Long paths make pattern-counting hard, and deep trees make it harder

TL;DR

This paper investigates the computational complexity of a pattern counting problem in permutations, revealing how structural properties of permutation classes influence the difficulty of solving the problem under ETH assumptions.

Contribution

It identifies structural properties like the long path property and deep tree property that determine the complexity bounds of pattern counting in permutation classes.

Findings

LPP implies no $f(k)n^{o(\sqrt{k})}$ algorithms under ETH.

DTP implies no $f(k)n^{o(k/\log^2 k)}$ algorithms under ETH.

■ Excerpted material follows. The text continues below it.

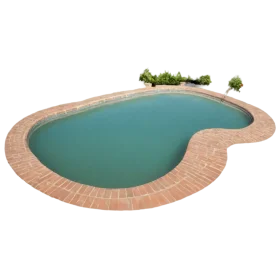 Elegant Kidney-Shaped Swimming Pool Clipart with Decorative Landscape Elements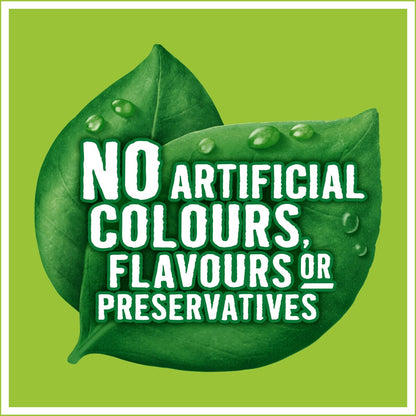 Golden Circle Fruit Drinks Pear Nectar 1L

Certain monotone grid classes with LPP but not DTP allow $f(k)n^{O(\sqrt{k})}$ algorithms.

Abstract

We study the counting problem known as #PPM, whose input is a pair of permutations $\pi$ and $\tau$ (called pattern and text, respectively), and the task is to find the number of subsequences of $\tau$ that have the same relative order as $\pi$. A simple brute-force approach solves #PPM for a pattern of length $k$ and a text of length $n$ in time $O(n^{k+1})$, while Berendsohn, Kozma and Marx have recently shown that under the exponential time hypothesis (ETH), it cannot be solved in time $f(k) n^{o(k/\log k)}$ for any function $f$. In this paper, we consider the restriction of #PPM, known as $\mathcal{C}$-Pattern #PPM, where the pattern $\pi$ must belong to a hereditary permutation class $\mathcal{C}$. Our goal is to identify the structural properties of $\mathcal{C}$ that determine the complexity of $\mathcal{C}$-Pattern #PPM. We focus on two such structural properties, known as the long path property (LPP) and the deep tree property (DTP). Assuming ETH, we obtain these results: 1. If $C$ has the LPP, then $\mathcal{C}$-Pattern #PPM cannot be solved in time $f(k)n^{o(\sqrt{k})}$ for any function $f$, and 2. if $C$ has the DTP, then $\mathcal{C}$-Pattern #PPM cannot be solved in time $f(k)n^{o(k/\log^2 k)}$ for any function $f$. Furthermore, when $\mathcal{C}$ is one of the so-called monotone grid classes, we show that if $\mathcal{C}$ has the LPP but not the DTP, then $\mathcal{C}$-Pattern #PPM can be solved in time $f(k)n^{O(\sqrt k)}$. In particular, the lower bounds above are tight up to the polylog terms in the exponents.